Jérémy Brossard, BFM TV
Monsieur le Premier ministre, Jérémy Brossard, BFM TV. Est-ce que ça ne pose pas un problème politique si vous avez besoin des voix de l’opposition, notamment au Sénat, pour faire adopter ce Traité budgétaire ?
Jean-Marc Ayrault
Je crois que mon message est très clair. Ce que nous demandons au Parlement, et aux parlementaires de l’Assemblée nationale et du Sénat, c’est de prendre leurs responsabilités. Est-ce que oui ou non la France a obtenu des résultats ? Est-ce que oui ou non des pas significatifs ont été faits dans le sens de la réorientation de l’Europe, et est-ce que nous voulons poursuivre cette réorientation ? Et donc l’appel que je lance à tous les parlementaires, c’est de prendre des responsabilités de choix, de défendre les intérêts de la France, c’est ça le sens du vote. Ce n’est pas un jeu tactique. Là nous sommes face à des enjeux très importants. Il y a deux ans et demi s’est déclenchée la crise grecque, il a fallu tant de temps pour en sortir, et nous n’en sommes pas encore sortis, le rapport de la troïka sera présenté, il y aura des solutions à trouver, mais les choses avancent, et Pierre Moscovici y travaille, pour le gouvernement français. Mais je crois qu’il faut que la France continue d’apparaître comme un acteur extrêmement déterminant de l’avenir de l’Europe, d’ailleurs, on le sait, l’Europe ne peut pas se faire sans la France, donc notre voix pèse, et quand elle est unie, quand elle est forte, elle pèse davantage.

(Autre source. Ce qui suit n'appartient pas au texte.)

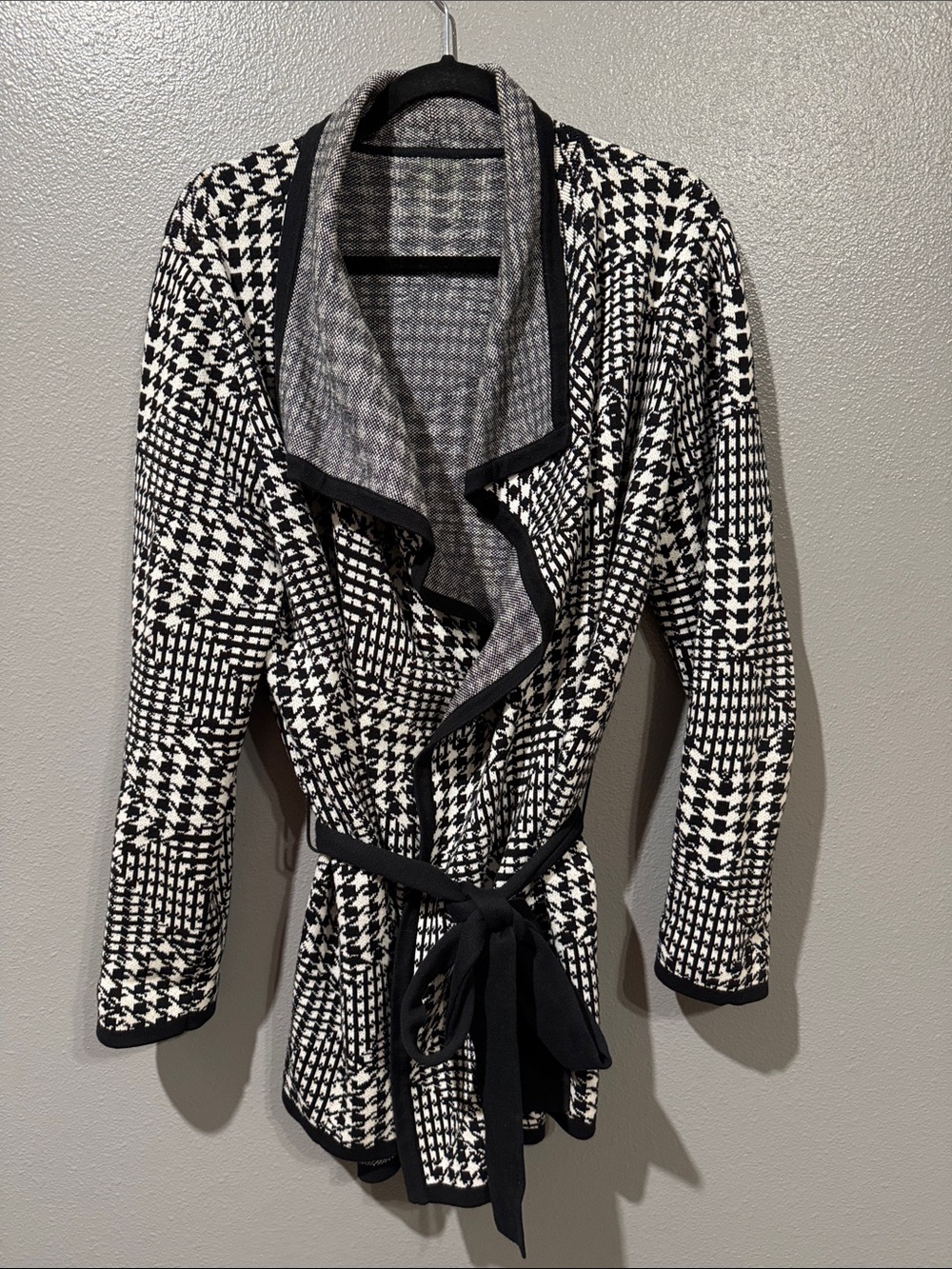 Ann Klein Black & White Houndstooth Wrap Cardigan with Belt XL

Jean-Jérôme Bertolus, i>télé
Monsieur le Premier ministre, Jean-Jérôme Bertolus, i>télé, Canal+. Donc, vous appelez à la responsabilité des parlementaires, il y a des voix qui se font entendre au sein du groupe socialiste, mais y compris, et surtout peut-être aussi, avec vos alliés écologistes et Front de gauche, ceux-là vous les appelez à la solidarité de la majorité ?
Jean-Marc Ayrault
Ceux qui croient à l’Europe, ceux qui sont sincèrement européens, sauront prendre leurs responsabilités. comme toujours, dans ce genre de circonstance, et pour des votes aussi importants, il est parfaitement légitime qu’il y ait débat, et donc il y a un travail qui se fait, d’explications, de pédagogie, je remercie d’ailleurs les différents ministres ici présents, et particulièrement le ministre délégué chargé des Affaires européennes, de prendre tout le temps nécessaire pour convaincre de ce qui est en train de se passer et de ce qu’est l’enjeu de ce vote. Je peux vous dire que son travail est particulièrement apprécié et écouté. Donc, il y a encore des hésitants, il y a encore des positions évidemment d’hostilité, vous avez cité plusieurs formations politiques, on connaît les points de vue de certains, mais ce ne sont pas des points de vue nouveaux. Mon objectif, et celui du gouvernement, c’est de convaincre le plus grand nombre de parlementaires, et notamment parmi les hésitants, à prendre leurs responsabilités à la fois, pour ceux de la gauche, en cohérence avec les engagements présidentiels, apportant au président un soutien clair, ce qui est la logique même de leur élection, je pense en particulier aux députés, mais au-delà, de renforcer la position de la France pour qu’elle soit encore davantage entendue.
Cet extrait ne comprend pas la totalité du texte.